• [Activity]:
Below is a listing with pictures in it; transcribe exactly the lines from the one that has "Solid Color Soft" through the one that has "Baker Ross AF400", and omit those pictures.

(Information)

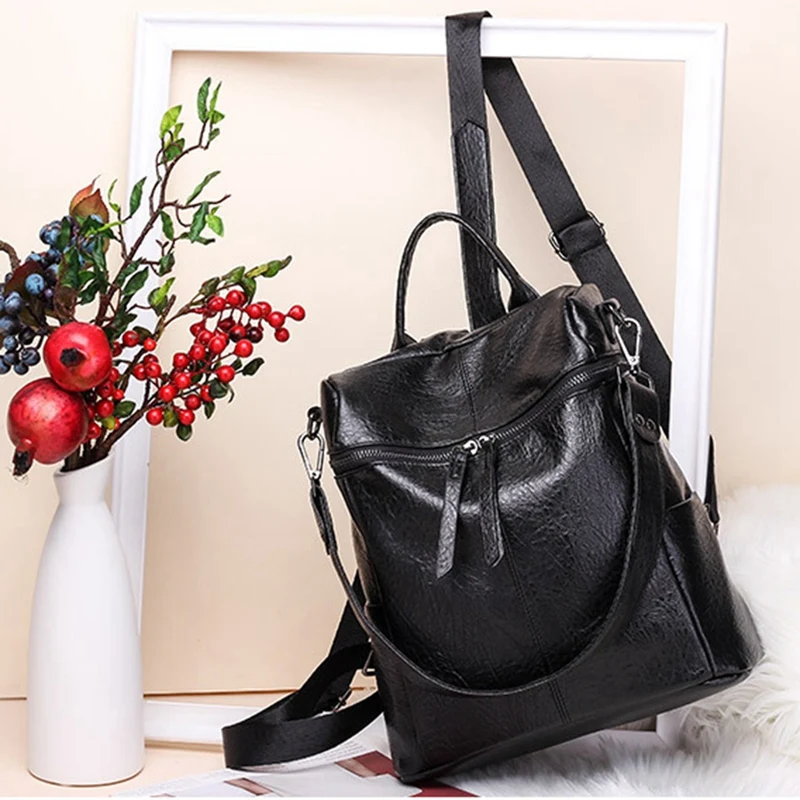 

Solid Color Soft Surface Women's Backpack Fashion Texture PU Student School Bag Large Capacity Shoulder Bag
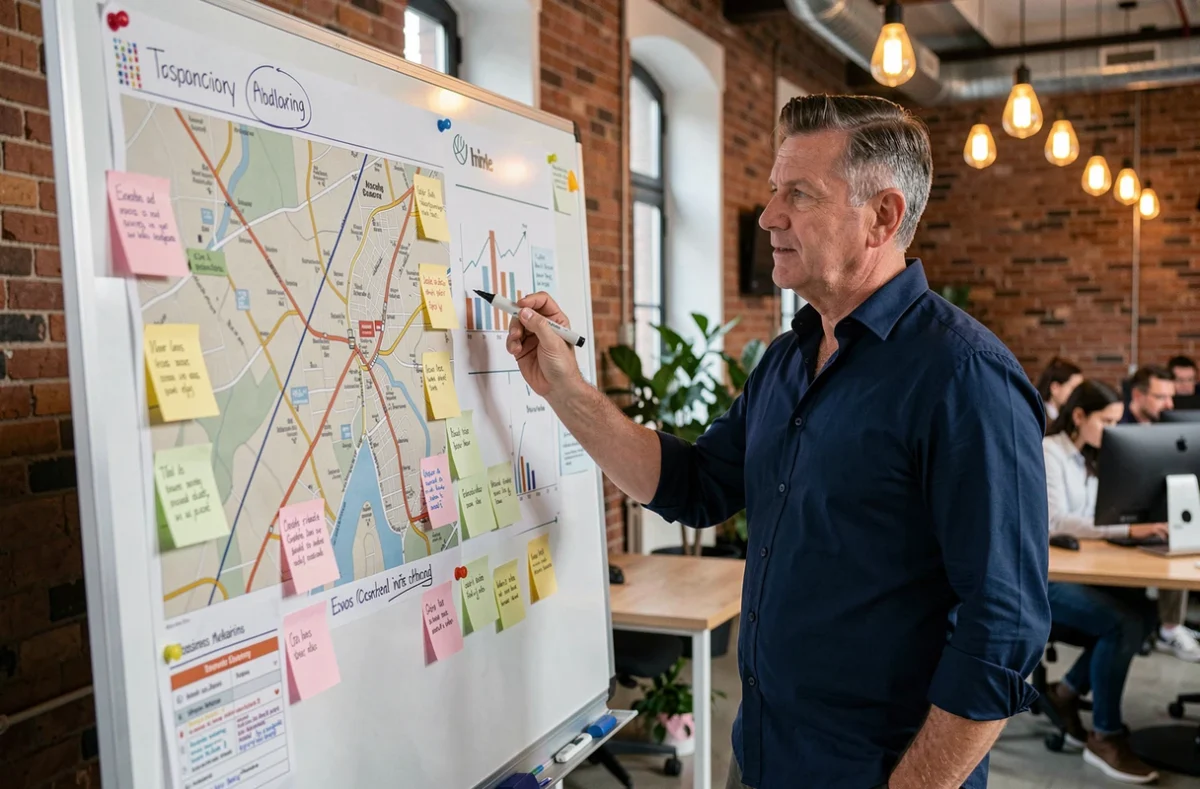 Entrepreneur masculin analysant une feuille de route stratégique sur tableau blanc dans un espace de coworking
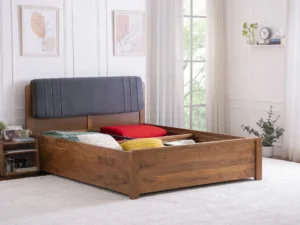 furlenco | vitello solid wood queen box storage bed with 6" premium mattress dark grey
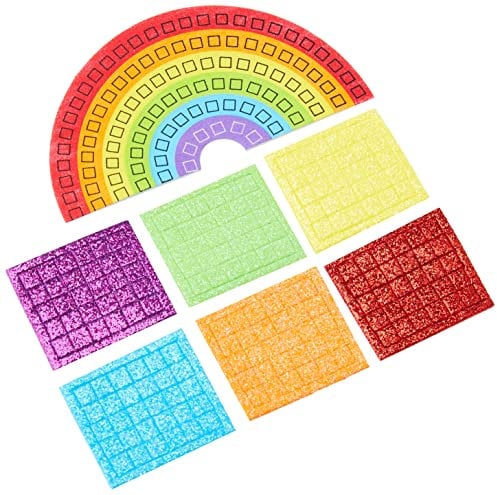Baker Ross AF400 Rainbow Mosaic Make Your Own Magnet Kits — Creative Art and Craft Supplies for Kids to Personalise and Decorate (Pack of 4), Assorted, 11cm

(End Information)
(Information)

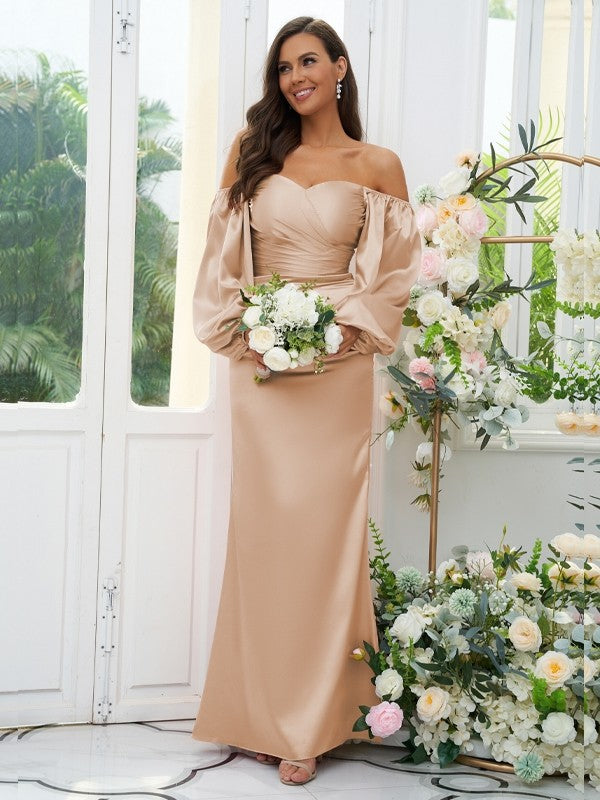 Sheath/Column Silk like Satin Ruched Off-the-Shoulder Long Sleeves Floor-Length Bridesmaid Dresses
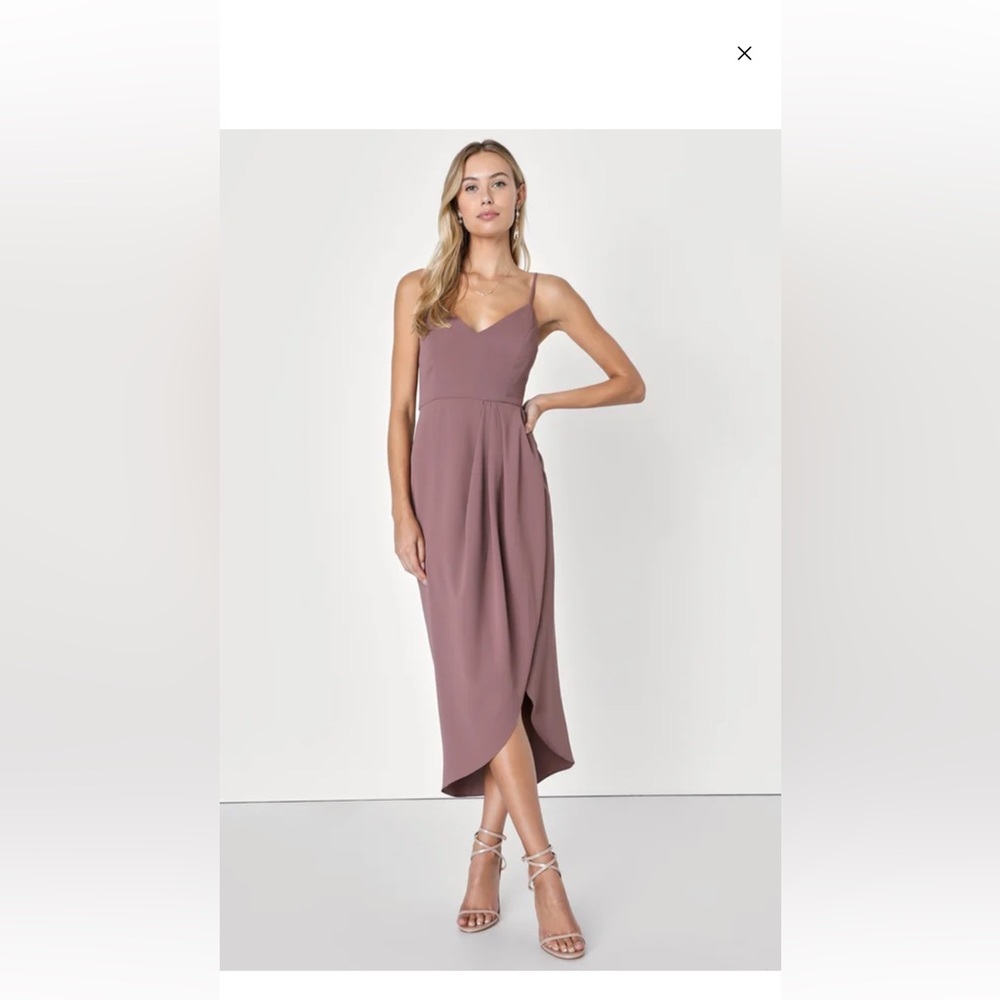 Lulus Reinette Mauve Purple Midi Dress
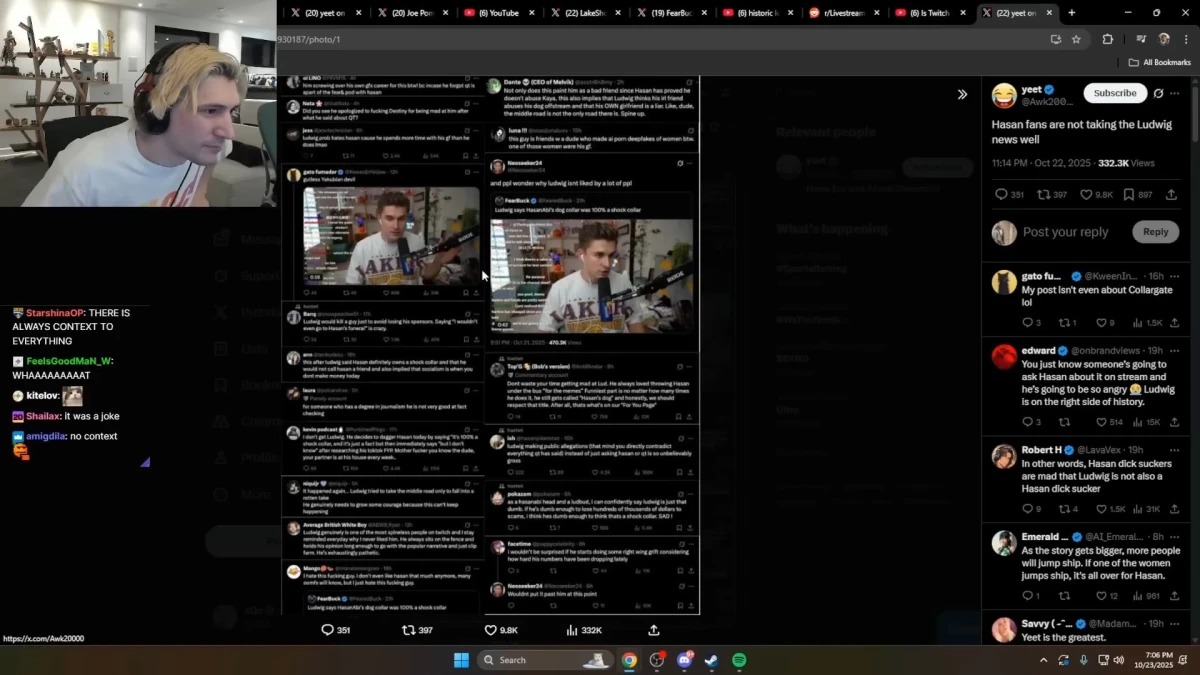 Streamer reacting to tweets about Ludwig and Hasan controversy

(End Information)

• [Result of the task]:
Solid Color Soft Surface Women's Backpack Fashion Texture PU Student School Bag Large Capacity Shoulder Bag
 Entrepreneur masculin analysant une feuille de route stratégique sur tableau blanc dans un espace de coworking
 furlenco | vitello solid wood queen box storage bed with 6" premium mattress dark grey
Baker Ross AF400 Rainbow Mosaic Make Your Own Magnet Kits — Creative Art and Craft Supplies for Kids to Personalise and Decorate (Pack of 4), Assorted, 11cm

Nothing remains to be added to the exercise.